● Problem to work on: Print them exactly: the lines from the beginning of the entries below through the line that contains "Dining Room with view of backyard", and only those, with the pictures left out.

● Information shown:
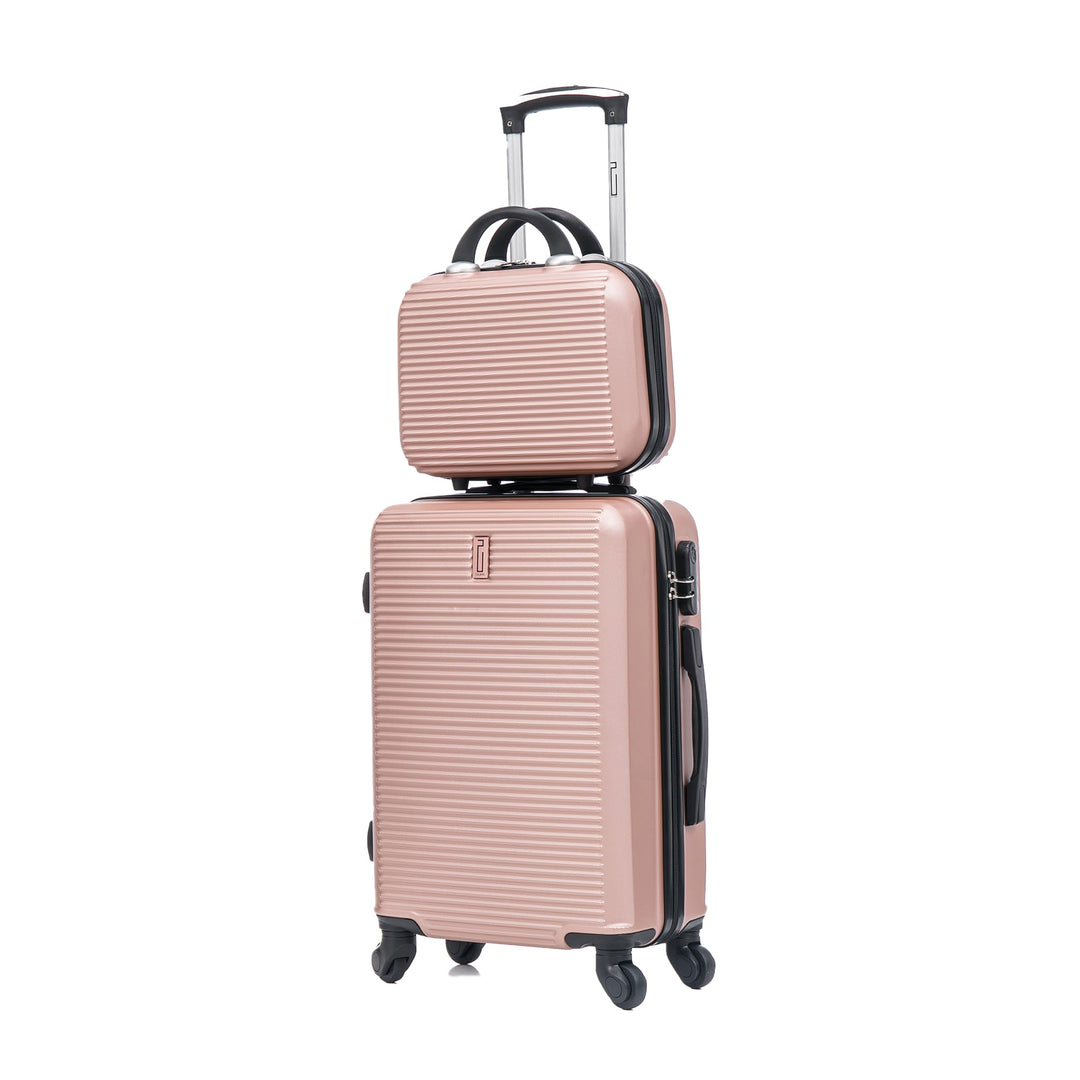 Handgepäck-Koffer mit Kosmetikkoffer 30 cm, zugelassen bei 100+ Fluggesellschaften | Kleiner Handgep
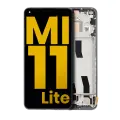 OLED Assembly With Frame Compatible For Xiaomi Mi 11 Lite (Refurbished) (Boba Black)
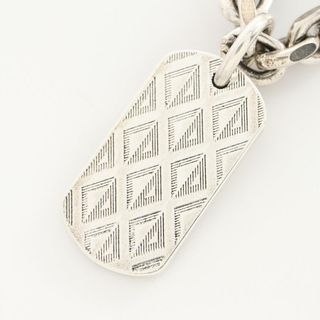 Dior - DIOR CD ICON チェーンリンク ネックレス シルバー Dior - DIOR CD ICON チェーンリンク ネックレス シルバー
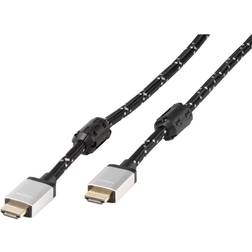 Vivanco Premium Series 42206 Ultra High Speed HDMI Cable with Ethernet - 1.2 m, Silver/Grey,Black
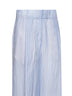 Light blue striped cupro wide-leg trousers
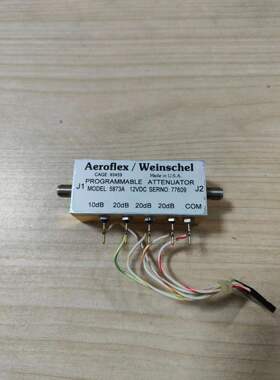 5873A Wechel衰减器DC-4GHz0-70dBSMA射频程控步进衰减器
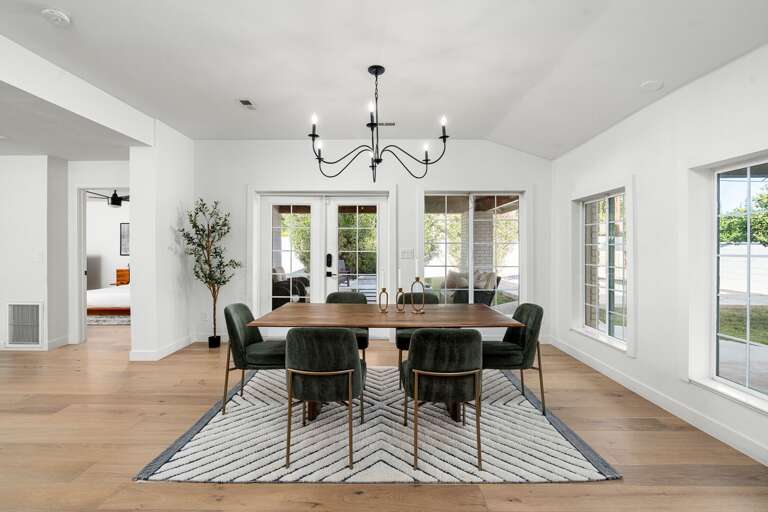 Dining Room with view of backyard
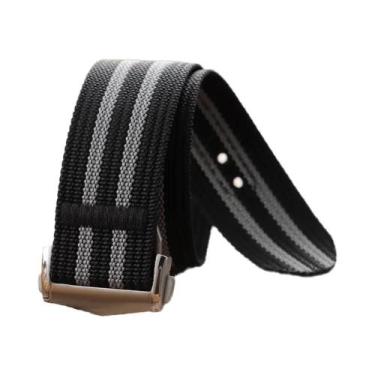 Imagem de Pulseira De Relógio De Nylon Premium Com Fecho Desdobrável De 20mm E 2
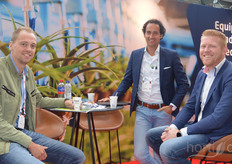 Matthijs van den Berg (Green Products), Geert Maris (TTA) and Jan Dons (Green Products)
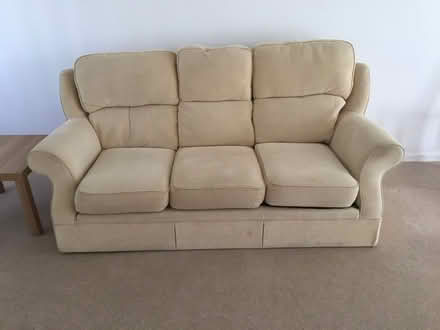 Photo of free Three seater settee (Tattenhall CH3) #1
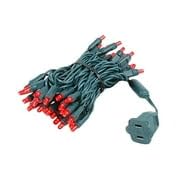 50 LED Christmas Mini Lights - Outdoor Waterproof String Lights for Patio, Garden, Party (Red & Green Wire, 11 Feet) - Perfect for Holiday Decorations, Backyard Events & Festive Gatherings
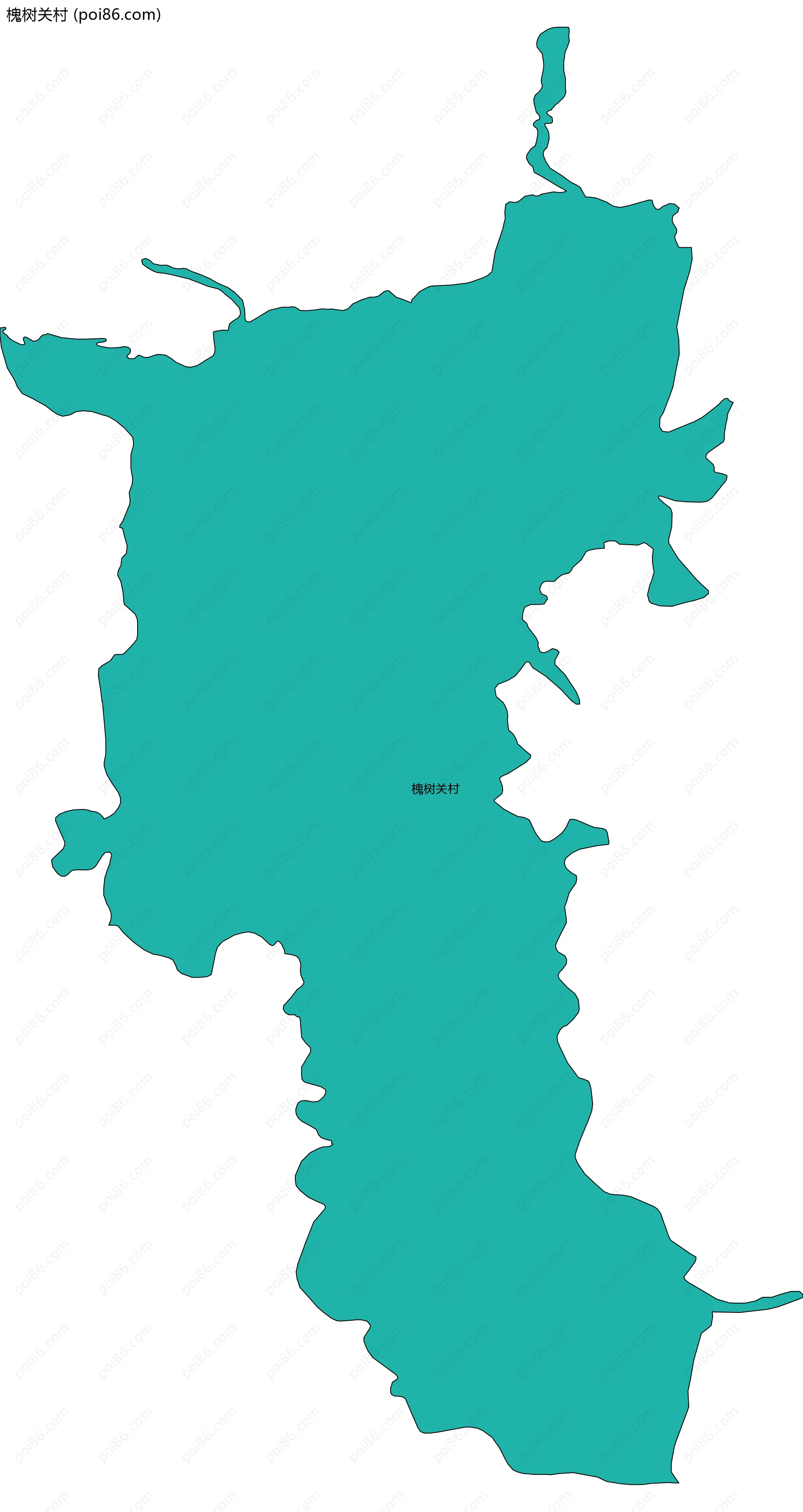 槐树关村边界地图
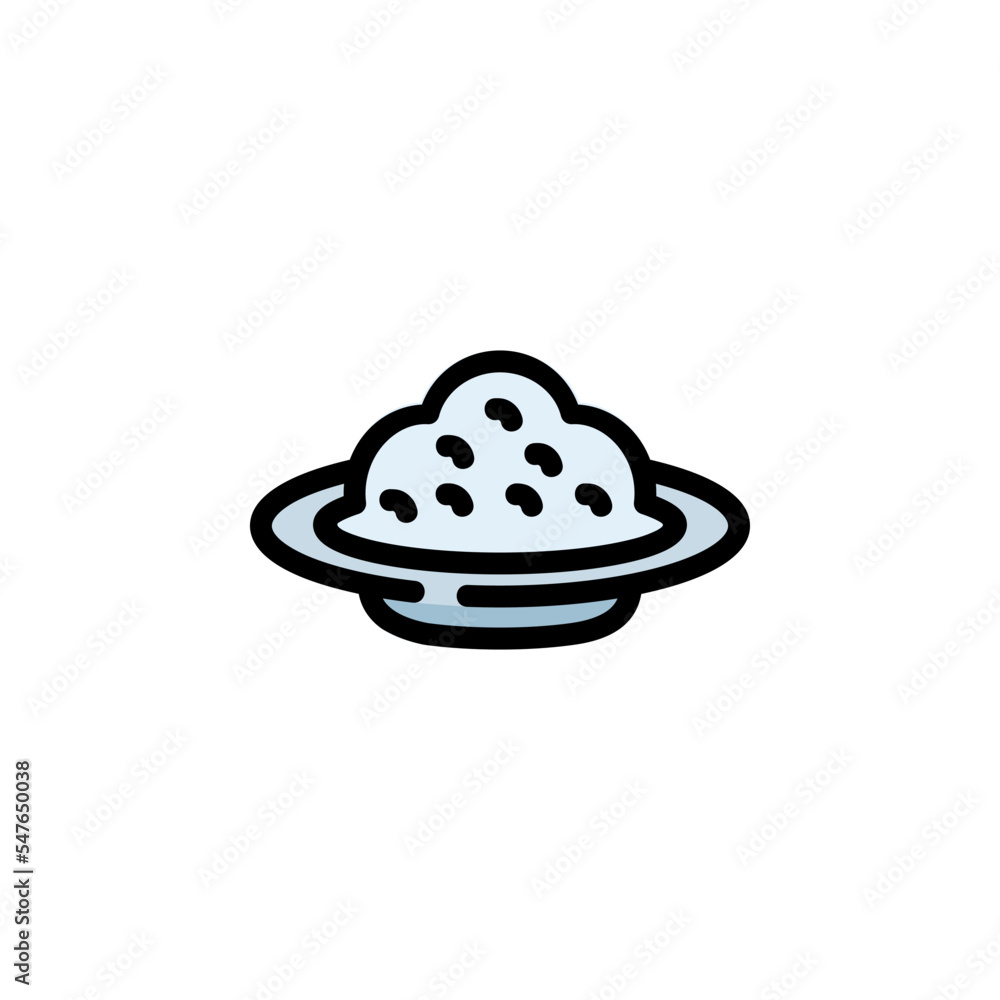 rice vector icon. food and beverage icon filled line style. perfect use for logo, presentation, application, website, and more. icon design color style rice vector icon. food and beverage icon filled line style. perfect use for logo, presentation, application, website, and more. icon design color style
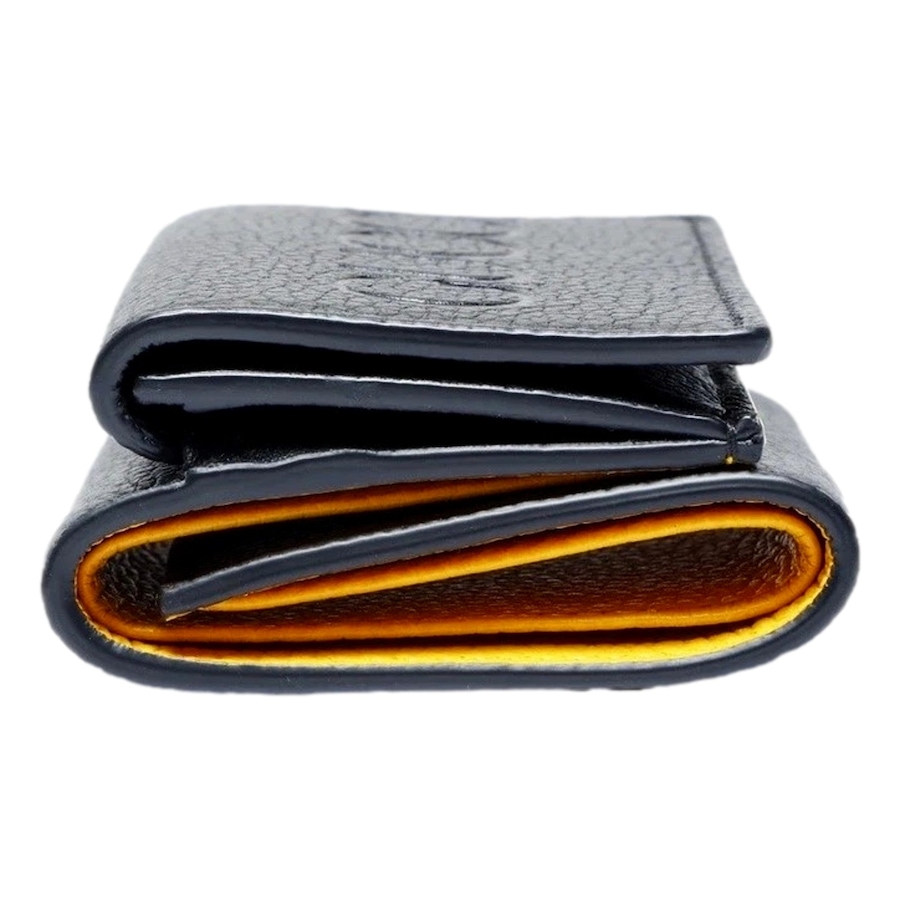Image 981138_ALTMORE2.jpg, Product 981-138 / Price $1,193.00, Gucci Embossed Logo Mini Tri-Fold Wallet Black Yellow Pebbled Leather from Gucci on TSC.ca's Fashion department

● Exercise output:
 Handgepäck-Koffer mit Kosmetikkoffer 30 cm, zugelassen bei 100+ Fluggesellschaften | Kleiner Handgep
 OLED Assembly With Frame Compatible For Xiaomi Mi 11 Lite (Refurbished) (Boba Black)
 Dior - DIOR CD ICON チェーンリンク ネックレス シルバー Dior - DIOR CD ICON チェーンリンク ネックレス シルバー
 Vivanco Premium Series 42206 Ultra High Speed HDMI Cable with Ethernet - 1.2 m, Silver/Grey,Black
 Light blue striped cupro wide-leg trousers
 5873A Wechel衰减器DC-4GHz0-70dBSMA射频程控步进衰减器
 Dining Room with view of backyard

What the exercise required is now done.